Our 48 year old open records law has consistently demonstrated its resilience and adaptability to "modern" times. It has never mandated -- nor can it be interpreted to mandate -- surrender of a public servant's personal cellphone.

That is the enduring value of a well-drafted and carefully vetted law.

He also ignores the fact that -- where the law applies to public records that contain information of a protected personal nature -- it  extends protection to that information in three separate statutory exceptions authorizing nondisclosure:

• KRS 61.878(1)(a): Public records containing information of a personal nature where the public disclosure thereof would constitute a clearly unwarranted invasion of personal privacy;

• KRS 61.878(1)(i): Preliminary drafts, notes, correspondence with private individuals, other than correspondence which is intended to give notice of final action of a public agency; and

• KRS 61.878(1)(s): Communications of a purely personal nature unrelated to any governmental function.

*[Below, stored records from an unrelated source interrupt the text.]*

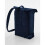 BagBase (One Size, French Navy) Bagbase Simplicity Roll Top Backpack 4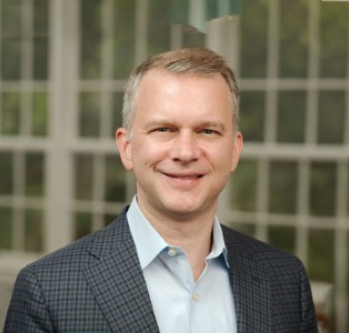 Image of PIC_Engle, Chris.jpg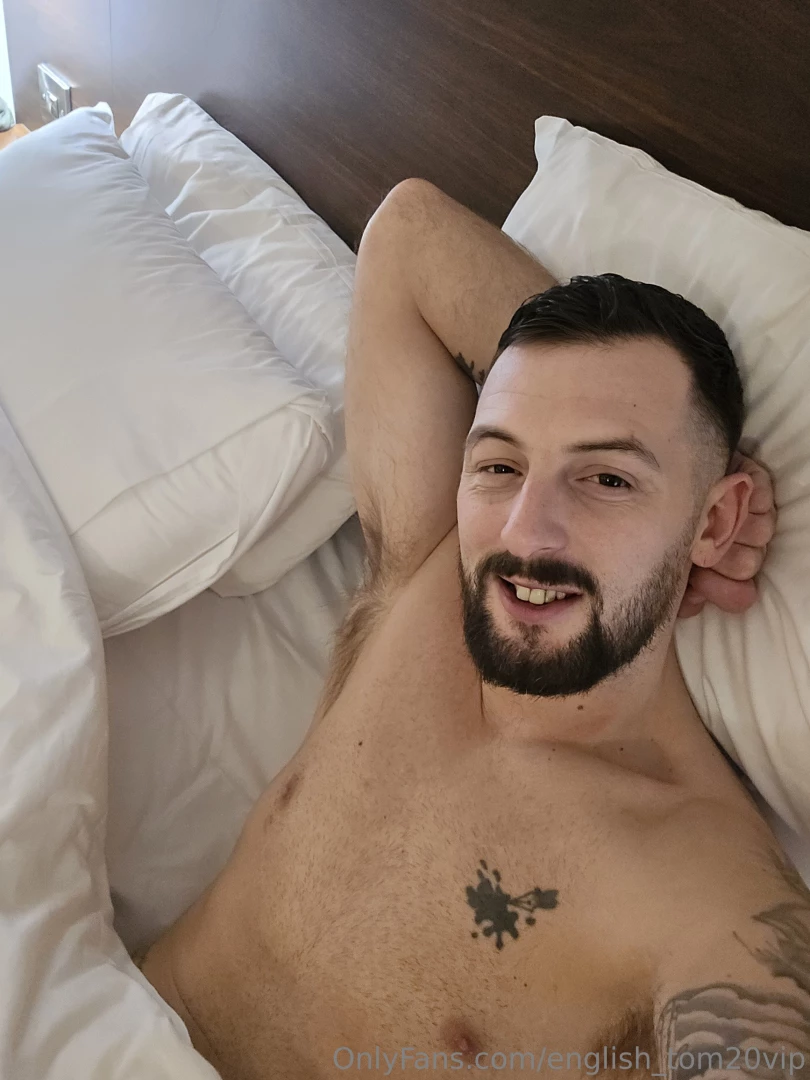 In bed on a saturday night waiting for you would you share a bed with 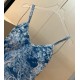 Dior Swimsuit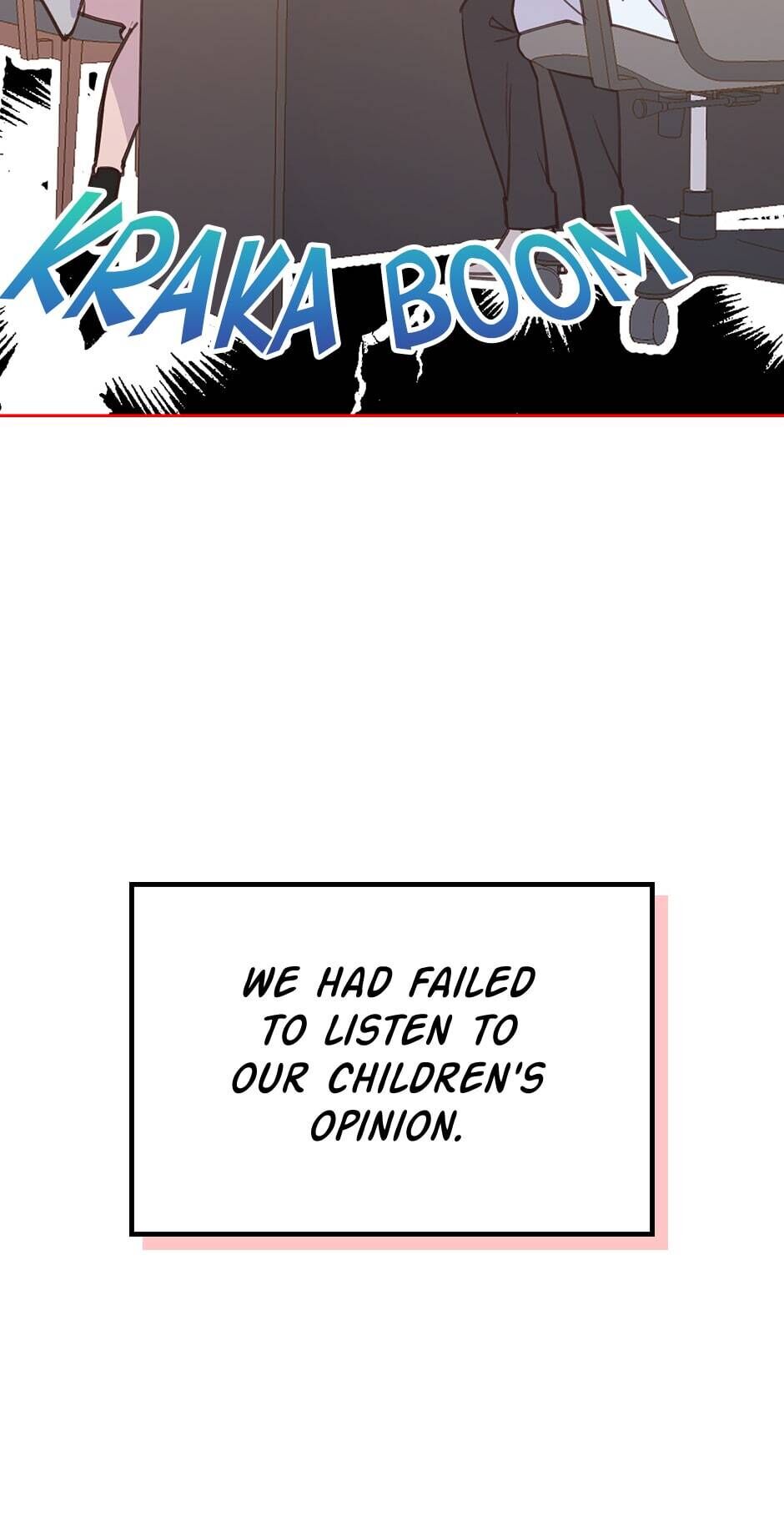 wedding-impossible chapter 66 - page 41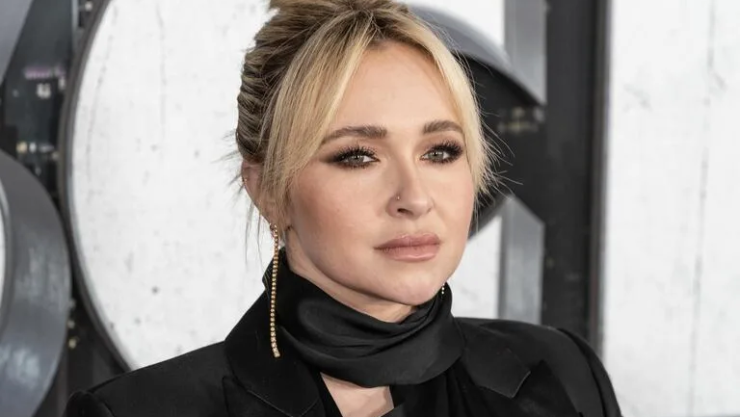 ¿Qué es el Narcan, medicamento encontrado en el departamento de la actriz Hayden Panettiere?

But that information would only fall into agency hands if the owner of a private device -- when asked for public records responsive to an open records request that might be located on the device -- recklessly forwarded personal communications to the agency records custodian along with responsive public records. At that juncture, the custodian could, would, and should fall back on the referenced exceptions to withhold the personal communications.

Yet even in this highly unlikely scenario (experience teaches us that respondents to an open records inquiry tend toward under-inclusion rather than over-inclusion), Rep. Hodgson would have us address a nonexistent fault line in favor of government secrecy.

Sen. Damon Thayer's statements to reporters at the conclusion of the committee meeting more accurately reflect the position of many in the legislative majority.

For The Lexington Herald Leader, Tessa Duvall and Austin Horn described that exchange:

"Speaking to reporters Tuesday, Majority Floor Leader Damon Thayer said HB 509 said, 'he has no concerns about officials conducting public business on private devices.

“'Why are you guys so interested in what’s on our personal cell phones?'

"Thayer disagreed that it’s valid to be interested in public business being conducted on private devices and accounts. 'I don’t want anyone to have access to my personal cell phone,' he said. 'It’s just amazing to me that this becomes a big issue with you guys every session there’s, like, 38 big things still left to do. And you’re asking me about this bill?'"

We ask because Thayer is an elected official charged with representing his constituents' interests -- which he proceeds to callously repudiate.

A reminder to the departing Senator, preserving the open records law and the public's right to know --  which you so scornfully dismiss -- is a "big thing."

Not long after the excerpt from Hodgson's  newsletter appeared on Twitter, Lexington Herald Leader Politics and Public Affairs Editor -- formerly Herald Leader Frankfort Bureau Chief -- Tessa Duvall identified "[a] couple of recent examples of how text messages can be used to promote - or obscure - government accountability:"

• Louisville Metro text messages relating to Mayor Greenberg's wife and her interaction with Metro government employees in her "volunteer" role;…

• Emails and texts exchanged by officials of Jefferson County Public Schools on August 9 when the system experienced a major transportation crisis………

If indeed potential public servants shun the disinfecting rays of Kentucky's Sunshine Laws, they should go to the end of the line -- or, better yet, head for the nearest exit.

But they needn't forego public service because a duplicitous public official sold them a bill of goods about mandatory surrender of their personal cellphone under existing open records law.

Let each candidate for service on a board or commission and every applicant for public employment examine their conscience. If public accountability is too much to ask, they are unfit for public service -- as are those who perpetuate the Lie of mandatory personal cellphone surrender for no other purpose than to justify a codified "legal" mechanism for evading public and media watchdogs.